I have the following strings in a pandas DataFrame in Python3, column string1
and string2
:
import pandas as pd
datainput = [
{ 'string1': 'TTTABCDABCDTTTTT', 'string2': 'ABABABABABABABAA' },
{ 'string1': 'AAAAAAAA', 'string2': 'TTAAAATT' },
{ 'string1': 'TTABCDTTTTT', 'string2': 'ABABABABABA' }
]
df = pd.DataFrame(datainput)
df
string1 string2
0 TTTABCDABCDTTTTT ABABABABABABABAA
1 AAAAAAAA TTAAAATT
2 TTABCDTTTTT ABABABABABA
For each row, strings in columns string1
and string2
are defined to be the same length.
For each row of the DataFrame, the strings may need to be "cleaned" of beginning/trailing letters 'T'. However, for each row, the strings need to both be stripped of the same number of characters, so as the strings remain the same length.
The correct output is as follows:
df
string1 string2
0 ABCDABCD BABABABA
1 AAAA AAAA
2 ABCD ABAB
If these were two variables, it would be straightforward to calculate this with strip()
, e.g.
string1 = "TTTABCDABCDTTTTT"
string2 = "ABABABABABABABAA"
length_original = len(string1)
num_left_chars = len(string1) - len(string1.lstrip('T'))
num_right_chars = len(string1.rstrip('T'))
edited = string1[num_left_chars:num_right_chars]
## print(edited)
## 'ABCDABCD'
However, in this case, one needs to iterate through all rows and redefine two rows at once.

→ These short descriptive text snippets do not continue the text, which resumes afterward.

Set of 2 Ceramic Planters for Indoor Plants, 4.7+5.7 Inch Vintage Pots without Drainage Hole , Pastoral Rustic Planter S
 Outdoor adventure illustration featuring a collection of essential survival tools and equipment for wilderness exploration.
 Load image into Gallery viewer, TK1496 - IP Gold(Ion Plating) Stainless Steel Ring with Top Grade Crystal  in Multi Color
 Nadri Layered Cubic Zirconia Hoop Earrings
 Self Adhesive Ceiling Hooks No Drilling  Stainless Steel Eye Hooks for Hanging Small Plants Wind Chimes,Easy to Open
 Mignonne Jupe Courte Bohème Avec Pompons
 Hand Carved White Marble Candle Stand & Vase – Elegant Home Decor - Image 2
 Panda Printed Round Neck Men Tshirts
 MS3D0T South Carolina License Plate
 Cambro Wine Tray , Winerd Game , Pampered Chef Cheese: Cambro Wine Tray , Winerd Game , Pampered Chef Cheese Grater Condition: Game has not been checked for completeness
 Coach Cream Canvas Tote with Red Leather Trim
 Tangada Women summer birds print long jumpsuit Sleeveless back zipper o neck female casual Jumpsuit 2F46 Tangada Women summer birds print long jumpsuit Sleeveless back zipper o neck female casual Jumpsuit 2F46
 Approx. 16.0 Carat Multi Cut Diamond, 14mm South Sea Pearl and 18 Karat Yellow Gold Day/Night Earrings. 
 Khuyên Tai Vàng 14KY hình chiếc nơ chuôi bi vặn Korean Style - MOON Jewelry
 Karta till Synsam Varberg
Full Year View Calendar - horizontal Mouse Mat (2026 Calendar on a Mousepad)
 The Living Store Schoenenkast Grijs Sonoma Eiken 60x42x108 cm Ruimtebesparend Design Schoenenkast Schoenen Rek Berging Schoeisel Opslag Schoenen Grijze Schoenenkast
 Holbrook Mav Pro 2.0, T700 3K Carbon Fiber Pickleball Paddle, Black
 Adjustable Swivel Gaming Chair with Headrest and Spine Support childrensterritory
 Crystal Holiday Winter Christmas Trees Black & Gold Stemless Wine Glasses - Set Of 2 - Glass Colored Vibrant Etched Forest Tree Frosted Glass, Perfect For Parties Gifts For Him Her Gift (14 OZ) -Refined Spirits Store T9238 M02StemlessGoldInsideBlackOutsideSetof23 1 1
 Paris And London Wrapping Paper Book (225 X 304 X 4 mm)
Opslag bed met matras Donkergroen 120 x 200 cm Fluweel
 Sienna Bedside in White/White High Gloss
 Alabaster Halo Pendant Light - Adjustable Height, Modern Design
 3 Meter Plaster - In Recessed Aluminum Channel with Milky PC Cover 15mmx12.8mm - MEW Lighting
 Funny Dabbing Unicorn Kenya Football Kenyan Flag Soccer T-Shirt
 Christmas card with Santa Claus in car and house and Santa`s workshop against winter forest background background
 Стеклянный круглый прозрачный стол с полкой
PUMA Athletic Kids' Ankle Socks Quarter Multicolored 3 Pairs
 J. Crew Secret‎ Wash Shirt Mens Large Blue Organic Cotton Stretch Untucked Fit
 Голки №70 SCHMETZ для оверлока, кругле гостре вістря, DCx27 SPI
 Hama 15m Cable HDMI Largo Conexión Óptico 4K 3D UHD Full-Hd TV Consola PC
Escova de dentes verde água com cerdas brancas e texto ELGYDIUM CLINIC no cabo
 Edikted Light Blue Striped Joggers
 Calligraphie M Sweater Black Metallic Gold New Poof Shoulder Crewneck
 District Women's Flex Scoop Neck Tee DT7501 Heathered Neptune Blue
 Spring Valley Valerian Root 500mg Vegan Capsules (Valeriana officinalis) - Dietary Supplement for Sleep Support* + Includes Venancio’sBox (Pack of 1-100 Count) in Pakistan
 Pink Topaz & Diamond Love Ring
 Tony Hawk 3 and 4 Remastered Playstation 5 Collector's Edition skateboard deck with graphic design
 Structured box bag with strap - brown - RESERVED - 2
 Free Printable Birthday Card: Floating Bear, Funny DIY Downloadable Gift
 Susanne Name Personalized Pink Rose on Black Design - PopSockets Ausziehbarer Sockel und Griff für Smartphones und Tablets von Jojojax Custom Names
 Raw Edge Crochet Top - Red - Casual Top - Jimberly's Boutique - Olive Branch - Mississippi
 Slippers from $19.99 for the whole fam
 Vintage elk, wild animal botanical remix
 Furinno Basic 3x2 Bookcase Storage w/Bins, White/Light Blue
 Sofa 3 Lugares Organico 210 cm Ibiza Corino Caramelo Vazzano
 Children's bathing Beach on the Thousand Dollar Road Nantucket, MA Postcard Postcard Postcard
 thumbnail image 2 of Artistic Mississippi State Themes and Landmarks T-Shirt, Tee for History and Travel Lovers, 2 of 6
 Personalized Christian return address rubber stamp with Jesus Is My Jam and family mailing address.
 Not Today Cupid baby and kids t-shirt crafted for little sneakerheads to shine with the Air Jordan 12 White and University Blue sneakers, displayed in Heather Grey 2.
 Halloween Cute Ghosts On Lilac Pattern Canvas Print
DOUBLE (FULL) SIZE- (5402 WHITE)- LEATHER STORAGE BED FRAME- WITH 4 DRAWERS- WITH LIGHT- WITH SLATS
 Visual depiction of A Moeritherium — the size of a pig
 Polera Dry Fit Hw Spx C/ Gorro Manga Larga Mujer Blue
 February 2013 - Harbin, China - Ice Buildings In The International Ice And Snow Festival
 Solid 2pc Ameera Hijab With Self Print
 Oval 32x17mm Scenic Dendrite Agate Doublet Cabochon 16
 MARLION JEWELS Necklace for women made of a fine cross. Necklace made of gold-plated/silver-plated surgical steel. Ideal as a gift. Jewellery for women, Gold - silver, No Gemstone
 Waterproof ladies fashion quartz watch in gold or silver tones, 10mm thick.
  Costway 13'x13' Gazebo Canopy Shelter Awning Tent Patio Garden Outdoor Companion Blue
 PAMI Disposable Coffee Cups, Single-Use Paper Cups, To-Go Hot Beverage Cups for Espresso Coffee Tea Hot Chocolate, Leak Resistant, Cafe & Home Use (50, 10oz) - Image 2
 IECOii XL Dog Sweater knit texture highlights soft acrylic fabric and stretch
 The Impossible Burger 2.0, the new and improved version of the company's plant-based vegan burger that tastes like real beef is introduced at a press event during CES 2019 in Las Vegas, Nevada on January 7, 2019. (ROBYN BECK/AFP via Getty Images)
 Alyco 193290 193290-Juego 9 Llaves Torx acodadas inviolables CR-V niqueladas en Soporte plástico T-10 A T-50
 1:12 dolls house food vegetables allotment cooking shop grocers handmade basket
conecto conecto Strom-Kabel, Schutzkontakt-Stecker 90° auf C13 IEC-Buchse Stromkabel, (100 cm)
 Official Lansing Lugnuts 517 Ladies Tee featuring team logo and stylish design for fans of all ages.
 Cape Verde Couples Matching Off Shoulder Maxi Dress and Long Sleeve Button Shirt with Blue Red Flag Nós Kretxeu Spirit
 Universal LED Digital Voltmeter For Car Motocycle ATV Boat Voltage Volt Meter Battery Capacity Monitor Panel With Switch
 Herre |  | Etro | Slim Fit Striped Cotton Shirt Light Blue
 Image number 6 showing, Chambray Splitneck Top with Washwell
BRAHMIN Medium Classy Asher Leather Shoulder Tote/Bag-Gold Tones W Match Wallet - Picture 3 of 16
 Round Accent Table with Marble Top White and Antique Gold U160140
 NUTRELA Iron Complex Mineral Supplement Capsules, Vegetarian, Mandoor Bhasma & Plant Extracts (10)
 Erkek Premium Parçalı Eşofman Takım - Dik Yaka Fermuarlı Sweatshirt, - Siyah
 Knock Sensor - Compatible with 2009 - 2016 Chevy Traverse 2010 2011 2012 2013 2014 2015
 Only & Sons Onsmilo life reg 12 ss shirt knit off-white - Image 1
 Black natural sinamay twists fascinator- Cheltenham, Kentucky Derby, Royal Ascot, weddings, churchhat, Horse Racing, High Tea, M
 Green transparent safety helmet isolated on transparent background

How could one modify each these strings row by row?
EDIT: My main confusion is, given both columns could T
, how do I re-define them both?
A bit lengthy but gets the job done..
import re
def count_head(s):
head = re.findall('^T+', s)
if head:
return len(head[0])
return 0
def count_tail(s):
tail = re.findall('T+$', s)
if tail:
return len(tail[0])
return 0
df1 = df.copy()
df1['st1_head'] = df1['string1'].apply(count_head)
df1['st2_head'] = df1['string2'].apply(count_head)
df1['st1_tail'] = df1['string1'].apply(count_tail)
df1['st2_tail'] = df1['string2'].apply(count_tail)
df1['length'] = df1['string1'].str.len()
def trim_strings(row):
head = max(row['st1_head'], row['st2_head'])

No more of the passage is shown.